==== Records for processing

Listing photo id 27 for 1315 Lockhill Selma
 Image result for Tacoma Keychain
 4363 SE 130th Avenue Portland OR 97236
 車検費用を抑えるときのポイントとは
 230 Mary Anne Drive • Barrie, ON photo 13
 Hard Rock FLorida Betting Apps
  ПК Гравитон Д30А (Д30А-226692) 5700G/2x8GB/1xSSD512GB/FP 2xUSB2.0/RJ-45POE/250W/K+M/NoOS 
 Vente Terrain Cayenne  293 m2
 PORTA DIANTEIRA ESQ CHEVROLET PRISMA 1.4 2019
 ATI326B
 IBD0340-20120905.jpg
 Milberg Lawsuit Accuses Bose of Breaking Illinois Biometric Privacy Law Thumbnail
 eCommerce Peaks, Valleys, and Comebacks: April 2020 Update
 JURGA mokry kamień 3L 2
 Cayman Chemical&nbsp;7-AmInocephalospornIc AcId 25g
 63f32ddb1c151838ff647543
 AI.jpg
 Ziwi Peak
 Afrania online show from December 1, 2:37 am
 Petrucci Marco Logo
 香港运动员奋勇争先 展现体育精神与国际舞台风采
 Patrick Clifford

========

• **What needs to be done**:
Scan the entries above and return each line that holds "photo".

• **Your solution**:
Listing photo id 27 for 1315 Lockhill Selma
 230 Mary Anne Drive • Barrie, ON photo 13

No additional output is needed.